Meloni incontra Abu Mazen e rivendica il ruolo dell’Italia nella crisi di Gaza
Brilla il sole su Atreju mentre, a migliaia di chilometri di distanza, la Striscia di Gaza viene colpita da una nuova tempesta che devasta ciò che resta dei campi profughi. Il contrasto è netto e attraversa la giornata simbolo della kermesse di Fratelli d’Italia, allestita a pochi passi dal Vaticano, sotto l’ombra imponente di Castel Sant’Angelo. È in questo scenario che la politica italiana incrocia uno dei drammi più laceranti della scena internazionale, con l’arrivo a Roma del presidente dell’Autorità nazionale palestinese Mahmoud Abbas, Abu Mazen, ospite d’onore di Atreju.
L’intervento del leader palestinese è attesissimo e la piazza è gremita. Ad accompagnarlo sul palco è la presidente del Consiglio Giorgia Meloni, reduce da un bilaterale a Palazzo Chigi incentrato sul futuro di Gaza e sugli sviluppi del Piano Trump, a due mesi dall’accordo di pace siglato a Sharm el Sheikh. La premier coglie l’occasione non solo per presentare Abbas, ma anche per respingere con decisione le accuse che, dall’inizio del conflitto seguito all’attacco del 7 ottobre, sono state rivolte al governo italiano. Accuse di immobilismo o di un presunto allineamento acritico a Israele che Meloni definisce infondate.
«La presenza del presidente Abbas dimostra quanto l’Italia sia stata centrale e protagonista, non solo nella gestione della crisi ma anche nel difficile percorso verso la pace», afferma dal palco, rivendicando un ruolo attivo e respingendo quelle che definisce «falsità ascoltate negli ultimi due anni». Un intervento accolto da applausi, mentre il ministro della Difesa Guido Crosetto annuncia di aver querelato i giuristi e gli avvocati che avevano denunciato il governo per concorso in genocidio, parole durissime pronunciate poche ore prima sempre ad Atreju.
Abu Mazen, novantenne, legge bene la platea. Ringrazia Meloni, saluta la leadership di Fratelli d’Italia e augura «buon Natale» in un italiano incerto ma efficace. L’applauso più sentito arriva quando parla della sua terra martoriata e del desiderio di «vivere con libertà e dignità». Il presidente dell’Anp ribadisce la disponibilità a elezioni parlamentari e presidenziali, ma insiste su un punto chiave: «L’assenza di uno Stato palestinese è fonte di instabilità e di estremismo che mette a rischio la sicurezza di tutta la regione». Da qui l’appello all’Italia affinché prosegua sul percorso del riconoscimento della Palestina, tema sul quale Meloni conferma apertura ma con cautela, legandolo alla creazione di condizioni concrete.

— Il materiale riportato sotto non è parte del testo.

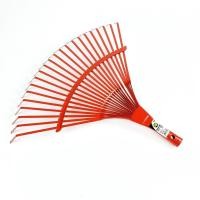 ราคา POLLO หัวคราดเหล็ก รุ่น R110 สีแดง (14880184076)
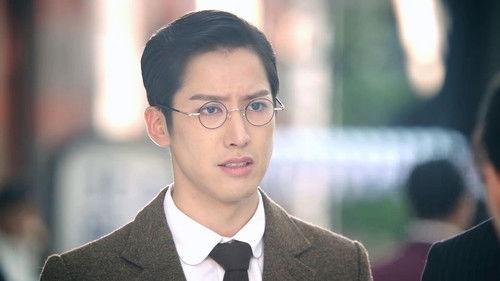 Love in Flames of War Season 1 Episode 11 - Episode 11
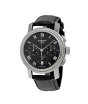 iShopping - Tissot Bridgeport Men's Watch Black (T0974271605300)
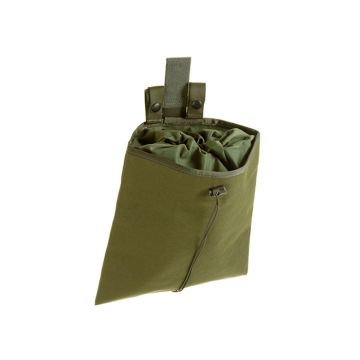 Dump Pouch Invader Gear OD Green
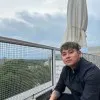 Alexander Tong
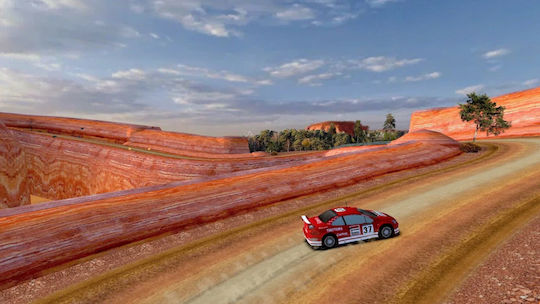 Old School Rally Special Edition PS5 Game - Προπαραγγελία - Image 4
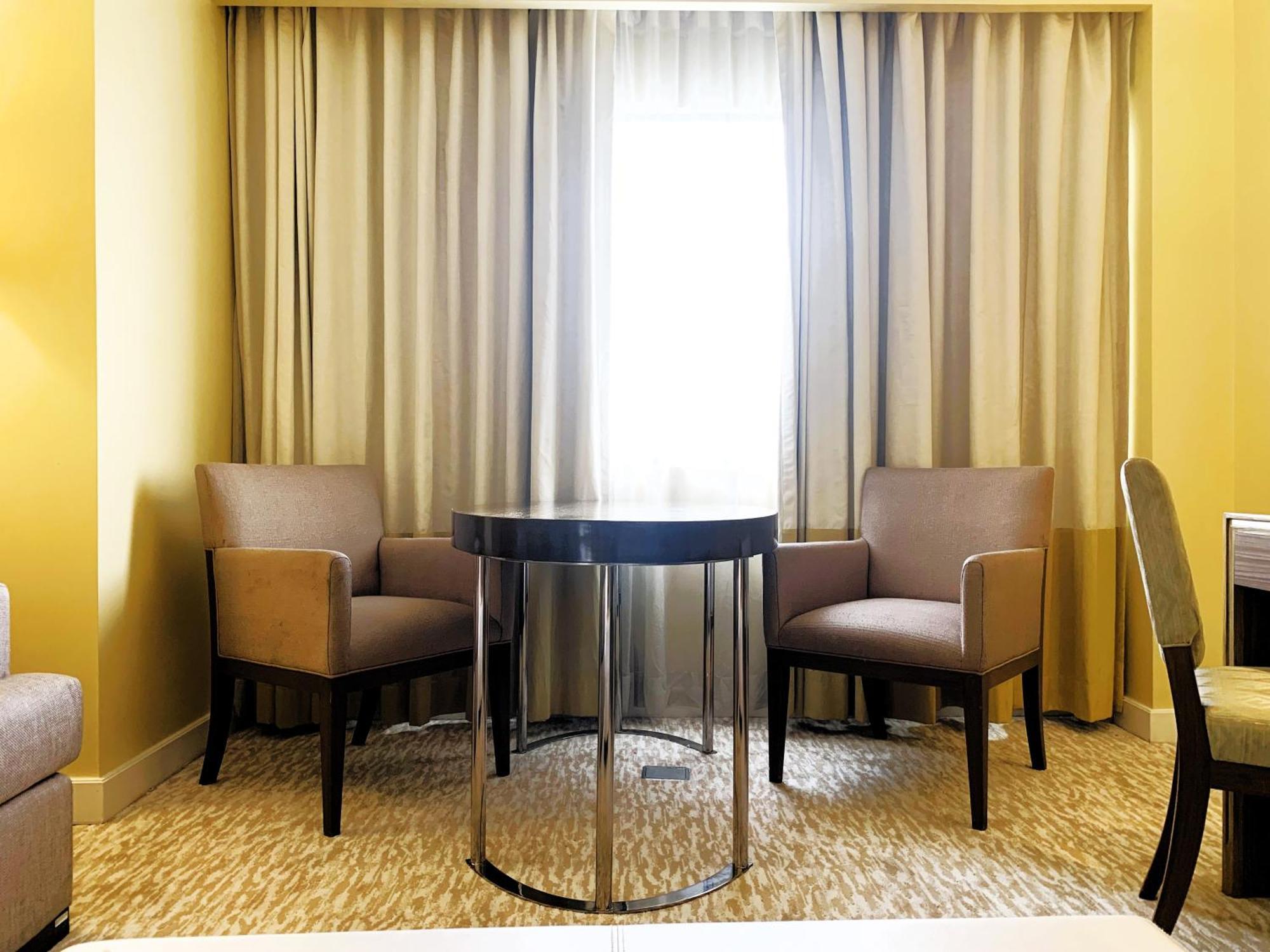 Hotel Benilde Maison De La Salle Manila Kültér fotó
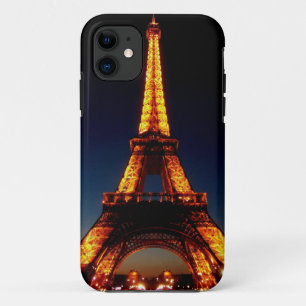 Coque Case-Mate Pour iPhone Tour Eiffel à Paris
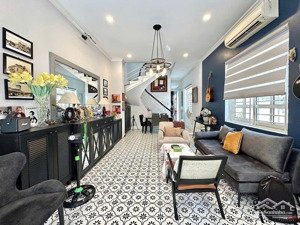 xuất cảnh bán gấp - bán nhà hoa lan 60m² 4 tầng - 29 tỷ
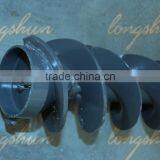 High Quality Kubota Combine Harvester DC-60 SHAFT,SCREW 5T051-6811-2 or Kubota DC-60 and Kubota DC-70 thumbnail-4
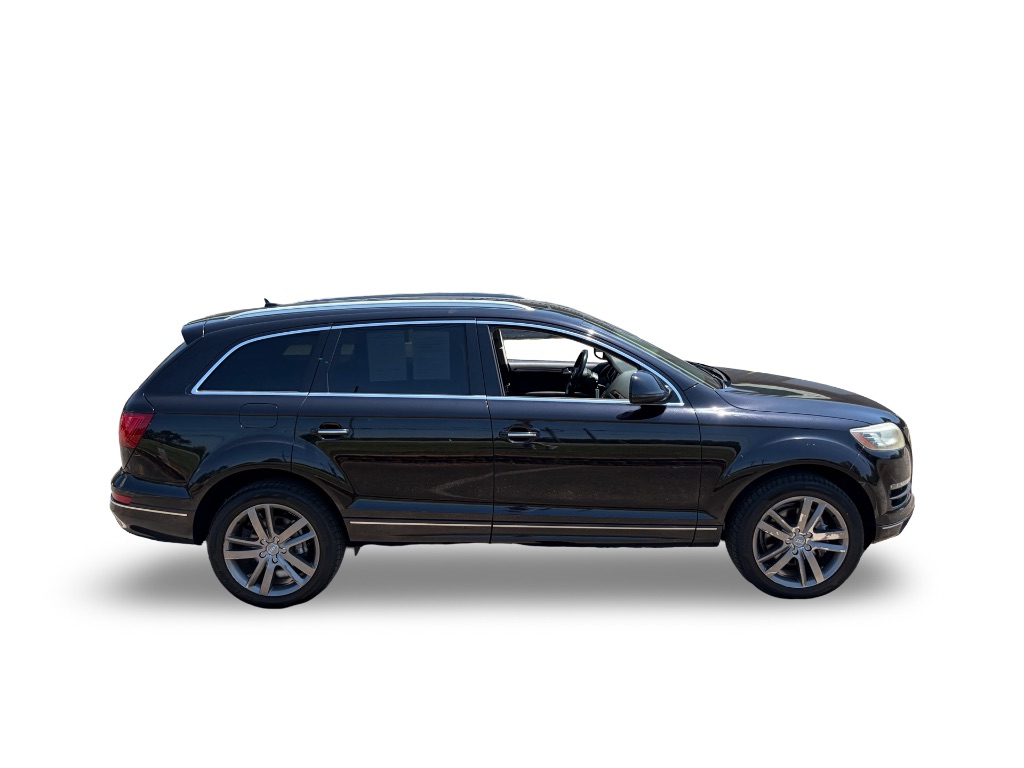 2012 Audi Q7 - $10,990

La giornata si muove così su più livelli, tra diplomazia, politica interna e pressioni internazionali. Dalle indiscrezioni provenienti dagli Stati Uniti, secondo cui Washington avrebbe chiesto ai Paesi europei un maggiore coinvolgimento nella Striscia, fino alla strategia italiana che cerca un equilibrio tra l’alleanza con gli Usa e il dialogo con il mondo arabo. Meloni e Abbas concordano sulla necessità di consolidare il cessate il fuoco e di sostenere un piano di stabilizzazione e ricostruzione di Gaza, insieme a un programma di riforme dell’Autorità palestinese.
Nel pomeriggio, mentre Abu Mazen lascia Atreju, emergono anche richiami alla storia della destra italiana. Gianfranco Fini, seduto in platea accanto ai vertici di Fratelli d’Italia, ricorda come «fin dai tempi del Fronte della Gioventù ci siamo battuti per la libertà del popolo palestinese, sempre insieme al sacrosanto diritto di Israele di esistere». Un filo di continuità che Crosetto ribadisce poco dopo, in un confronto ironico e serrato con Marco Travaglio, tra politica estera, Ucraina e rapporti con gli Stati Uniti.
In una giornata densa di simboli, Atreju diventa così il palcoscenico di un messaggio politico preciso: l’Italia rivendica un ruolo di primo piano nello scenario mediorientale, cercando di tenere insieme sicurezza, diplomazia e prospettiva di pace, mentre il conflitto continua a segnare profondamente il presente.